## Problem requirements
Transcribe exactly the line with "this 1200×800 image." and each line that follows it in the listing, down to the last, omitting all pictures.

## Records for this exercise
————

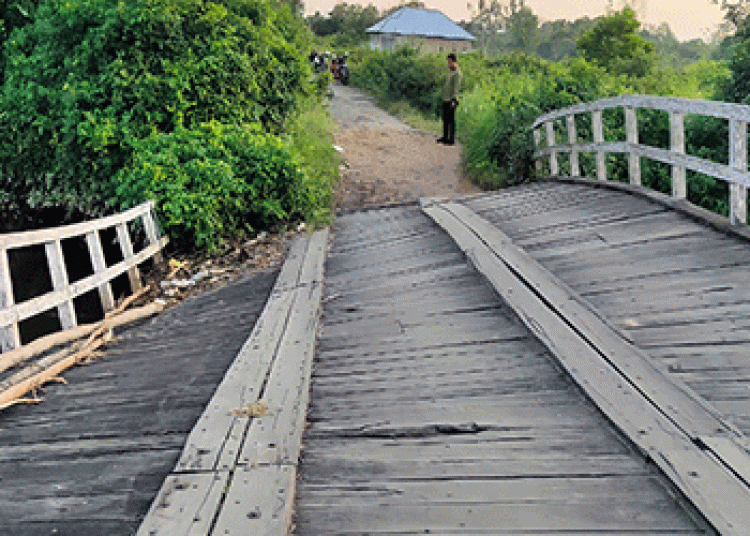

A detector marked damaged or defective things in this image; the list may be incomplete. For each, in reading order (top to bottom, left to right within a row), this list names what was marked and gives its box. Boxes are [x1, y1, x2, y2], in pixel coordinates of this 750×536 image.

damaged white railing [532, 94, 750, 224]
broken railing [536, 94, 750, 224]
damaged white railing [0, 201, 167, 352]
broken railing [1, 201, 169, 352]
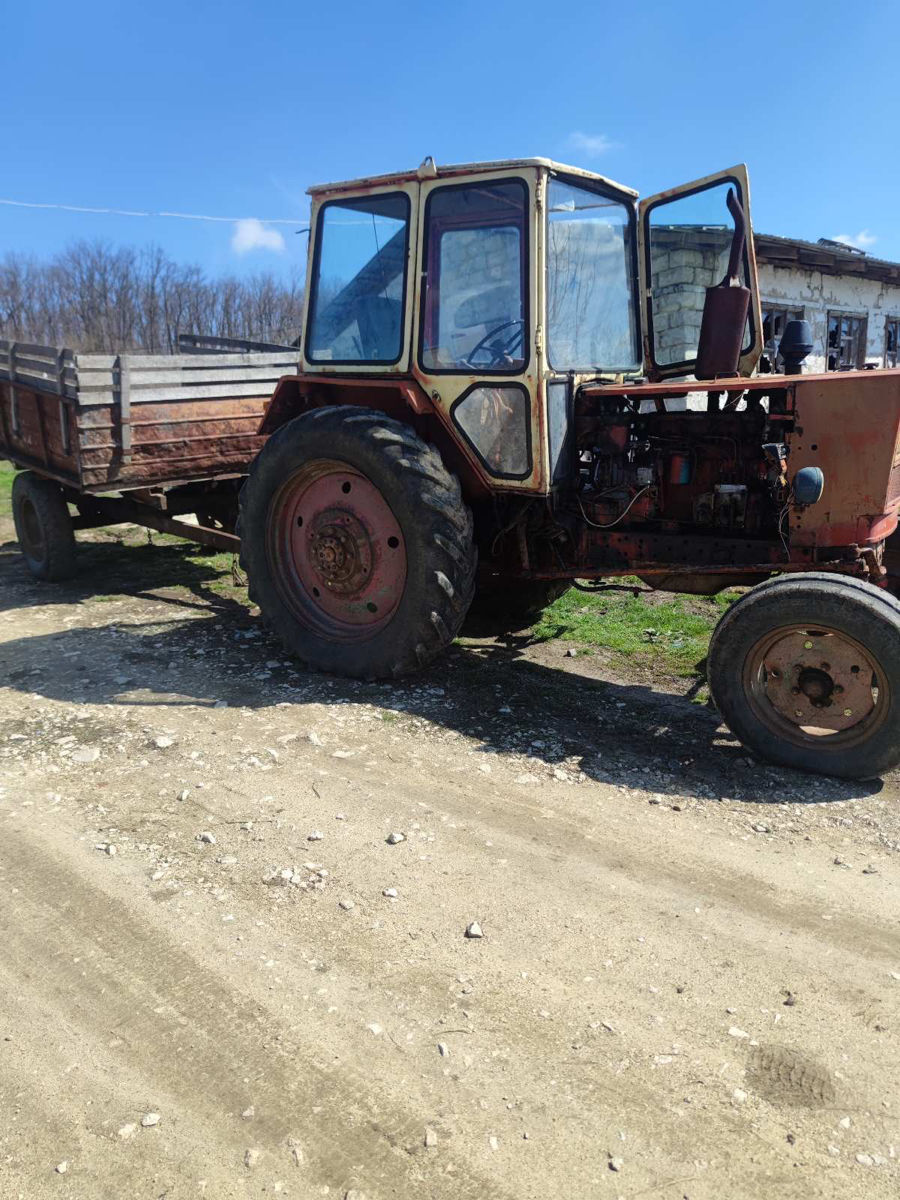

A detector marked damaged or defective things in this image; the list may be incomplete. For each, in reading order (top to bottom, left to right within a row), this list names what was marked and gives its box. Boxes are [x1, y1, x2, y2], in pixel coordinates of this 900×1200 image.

broken window [763, 304, 801, 369]
broken window [830, 309, 868, 369]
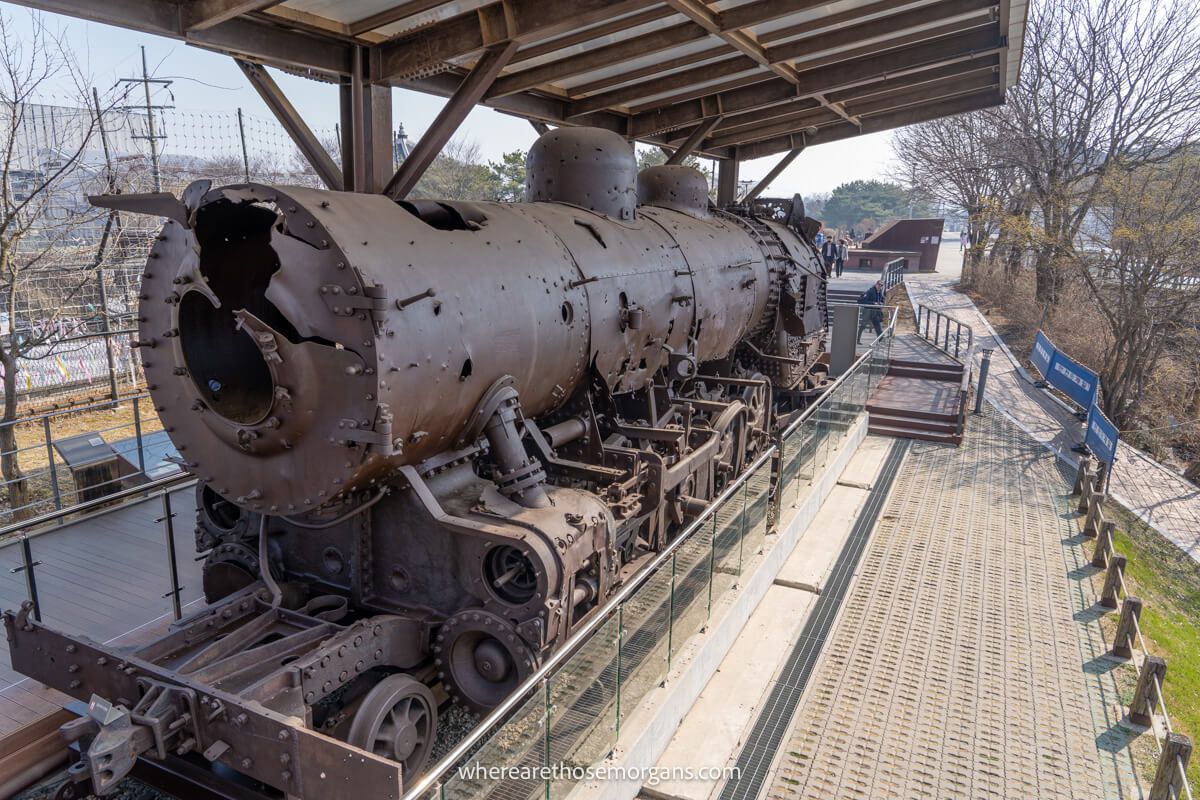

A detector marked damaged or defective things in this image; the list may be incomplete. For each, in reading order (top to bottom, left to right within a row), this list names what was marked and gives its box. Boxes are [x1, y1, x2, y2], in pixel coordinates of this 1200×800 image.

rusted steam locomotive [4, 128, 830, 796]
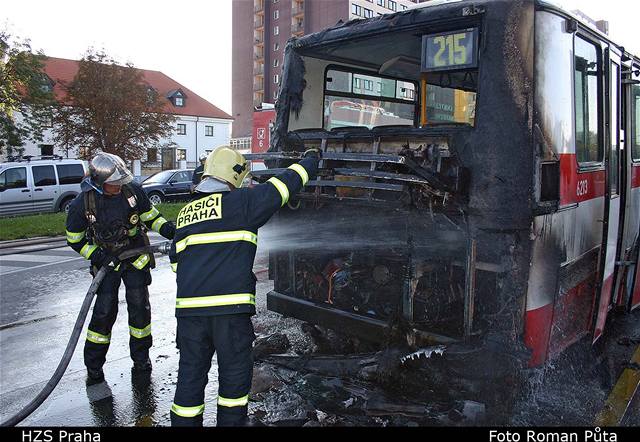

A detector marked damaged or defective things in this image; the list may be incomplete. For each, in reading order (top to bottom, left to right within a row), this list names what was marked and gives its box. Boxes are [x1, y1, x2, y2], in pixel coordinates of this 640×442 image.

————

## Solution to this exercise
A detector marked damaged or defective things in this image; the list may be incomplete. For each, in reading order (top to bottom, left to right within a row), this list names what was marked and gives its box. Boxes are [x1, y1, x2, y2], in pixel coordinates of this 1200×800 image.

rusted steam locomotive [4, 128, 830, 796]

A detector marked damaged or defective things in this image; the list may be incomplete. For each, in reading order (top to bottom, left to right within a row), this list names what was marked and gives its box. Boxes are [x1, y1, x2, y2], in pixel coordinates of this 640×442 image.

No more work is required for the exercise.